Middle class woman in a striped Satin Gown with a furred pelisse and a white muff. (1778)

The pelisse is a type of winter overcoat that Ladies throw on their shoulders to protect themselves against the rigors of the season.  There are two types, the plain and the furred.  The former are worn by the unimportant middle class; the latter, of higher quality, are likely to be in the most brilliant colors and the most precious furs.  Among them, there are ones that are only bordered, or to use the true terms, only have a "cord"; the body is lined with a light cotton.  The others, without the cord, have a fur lining, but their weight and heat often render them uncomfortable.  The cord covers it all around the edges.  It surrounds the hood and finishes by outlining the pockets, or openings used to pass the arm through.

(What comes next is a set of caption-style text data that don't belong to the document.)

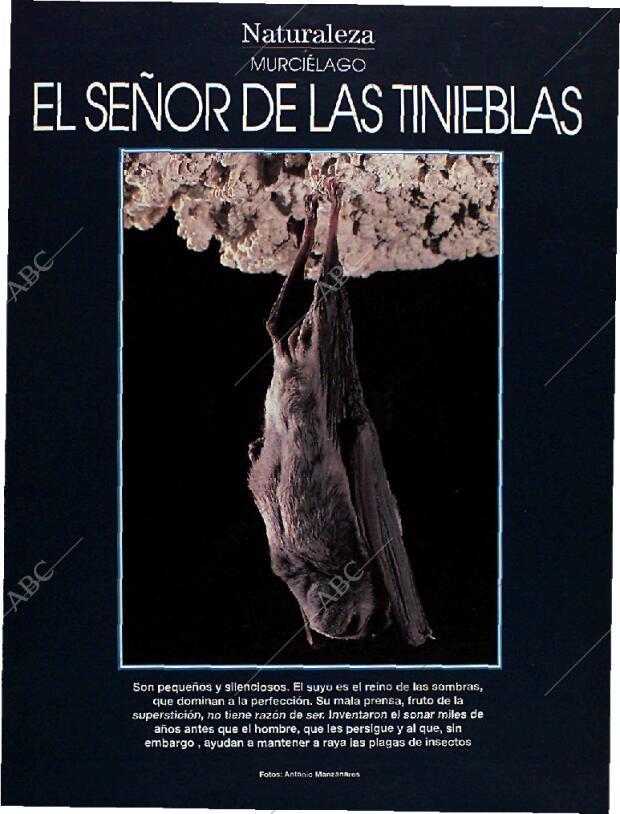 BLANCO Y NEGRO MADRID 28-08-1994 página 43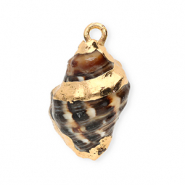 Schelp hangers specials wulk Brown-gold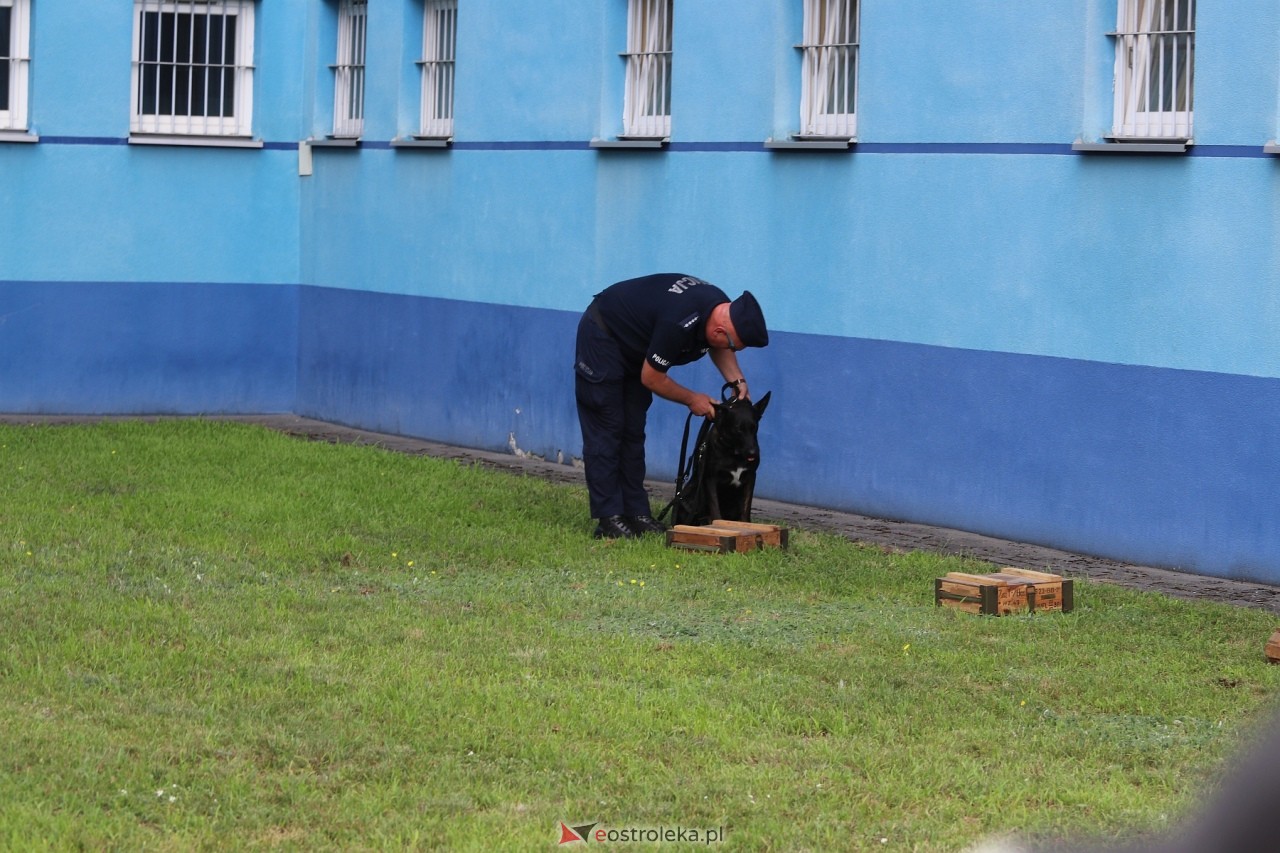 Święto Policji 2024 w Ostrołęce - piknik rodzinny [15.07.2024] - zdjęcie #55 - eOstroleka.pl
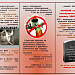Цикл буклетов о здоровом образе жизни.
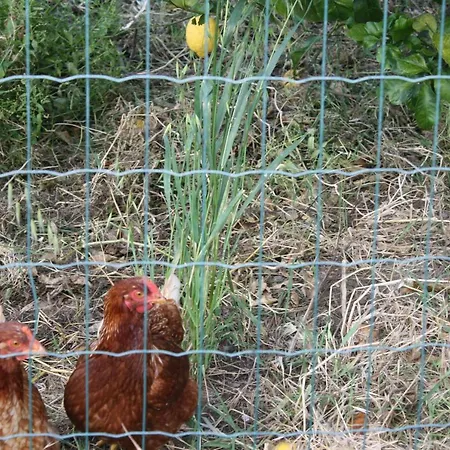 Nocleg ze śniadaniem Piccolo Ranch *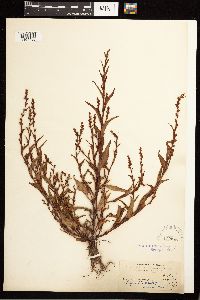 Persicaria hydropiper image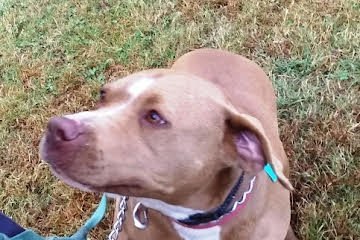 Diamond *Adopt or Foster*, an adoptable Pit Bull Terrier in Fairfax, VA, 22038 | Photo Image 3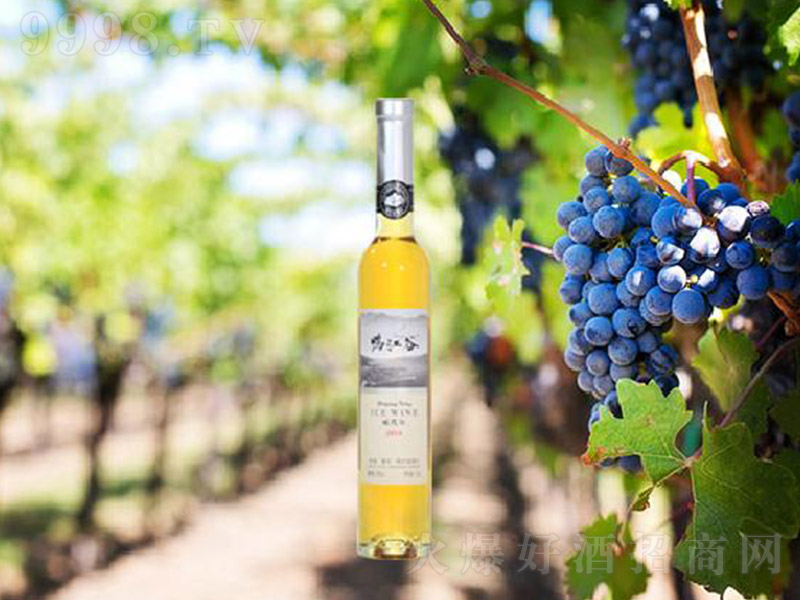 ������15�������������Ѿơ�10�� 375ml��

Bright yellow, blue, pink, cerise, and in the second types, white are the favored colors for pelisses.  The furs are infinitely varied.  Sable produces a very nice effect on bright yellow; it also agrees with cerise, and white furs contrast very agreeably with pinks, blues, and whites.  These are the furred versions which, since recent reversions, have become preferred.

Pelisses were first rather short, and like mantelets they had a stopped collar; they since have taken coulisse collars and have become very ample and long; one drapes them back from the arms on each side, or simply passes the arms through the practical openings on each side.  The former is more agreeable and genteel.

The drawing represents a middle class woman in a very ample furred pelisse with a coulisse collar, leaving the chest very uncovered and fastening under the contentement; her gloved hands escape the openings of the pelisse and come together in a drum-shaped muff, matching the fur of the pelisse.

She is dressed in a satin petite robe, trimmed with the same material, ruched; the sides of the gown are a little pulled up on each sides with ribbons.  The bottom of the petticoat has a band of ruched material in the place of the head of the volant, with a second ruched band below it en barriere.

Cap or folded kerchief, sprinkled with pompoms, with a ribbon whose ends fall on the chignon.  Hair in a racine droite, with three oblique and rather contorted curls on each side, which indicate that this bourgeoise did her own hair.